## WORK REQUEST
Could you print exactly the lines of the listing below, starting at the line that has "Fototapeta premium Frightened" and ending at the line that has "drake holding a disco ball emoji", and only those lines?

## SUPPLIED ENTRIES
/---

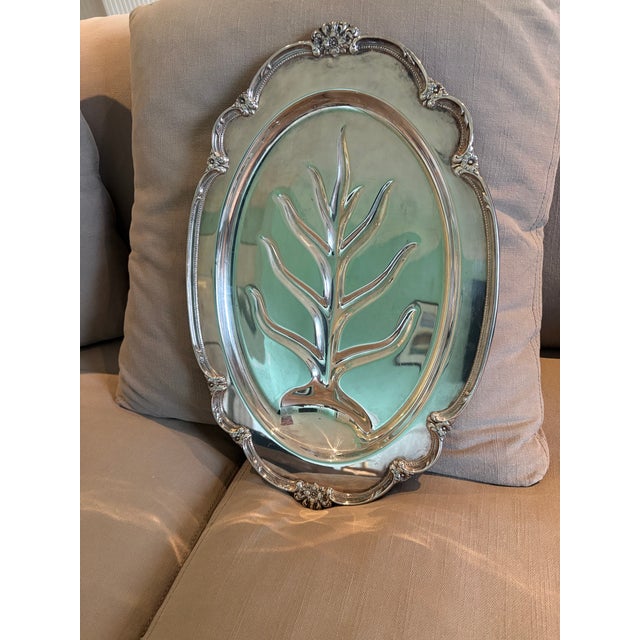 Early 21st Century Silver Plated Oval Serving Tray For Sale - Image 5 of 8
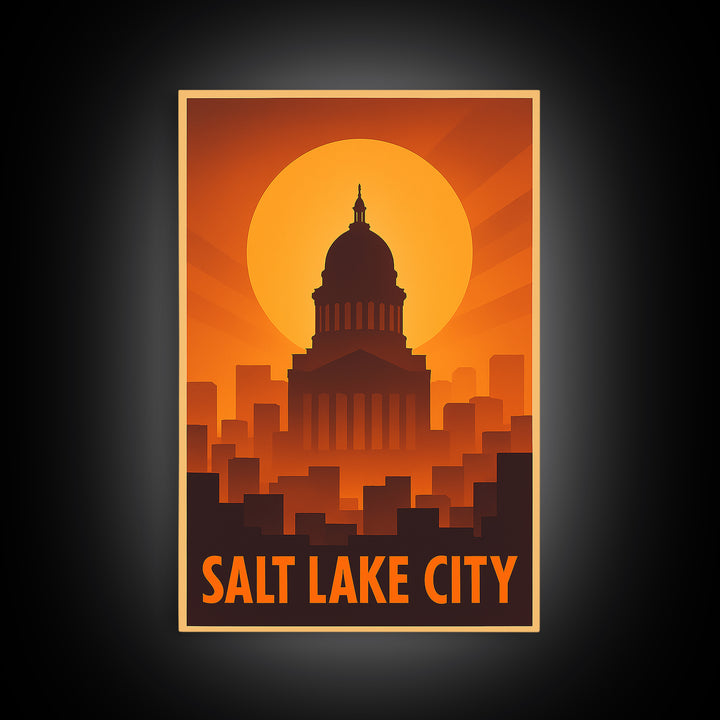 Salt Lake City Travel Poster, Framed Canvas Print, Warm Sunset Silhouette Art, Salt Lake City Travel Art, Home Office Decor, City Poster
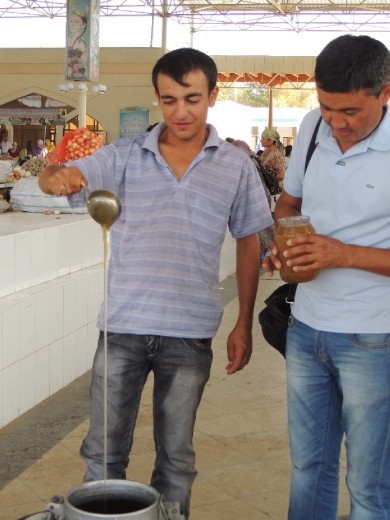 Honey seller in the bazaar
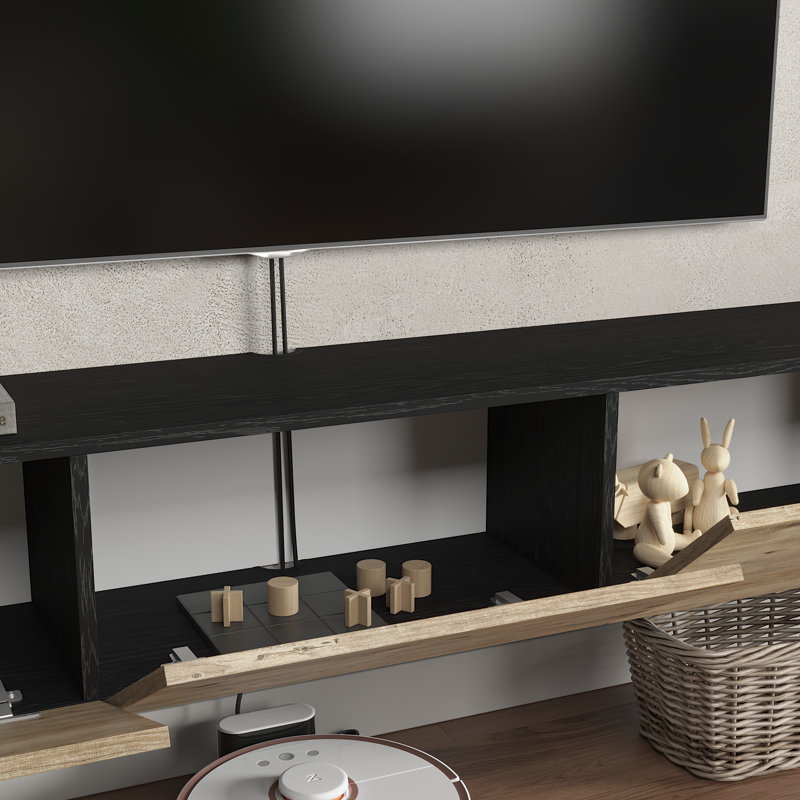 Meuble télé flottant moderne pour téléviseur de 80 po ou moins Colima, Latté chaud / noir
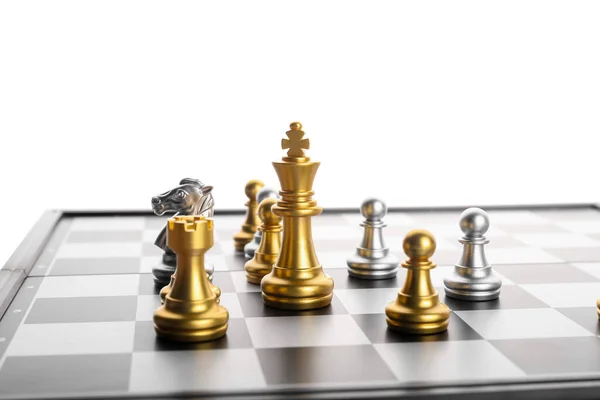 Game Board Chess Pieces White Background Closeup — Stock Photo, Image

\---
/---

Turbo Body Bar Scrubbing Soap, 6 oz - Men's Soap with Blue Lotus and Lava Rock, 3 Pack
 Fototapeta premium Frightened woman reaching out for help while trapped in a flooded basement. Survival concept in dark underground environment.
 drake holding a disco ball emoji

\---

## YOUR RESPONSE
 Fototapeta premium Frightened woman reaching out for help while trapped in a flooded basement. Survival concept in dark underground environment.
 drake holding a disco ball emoji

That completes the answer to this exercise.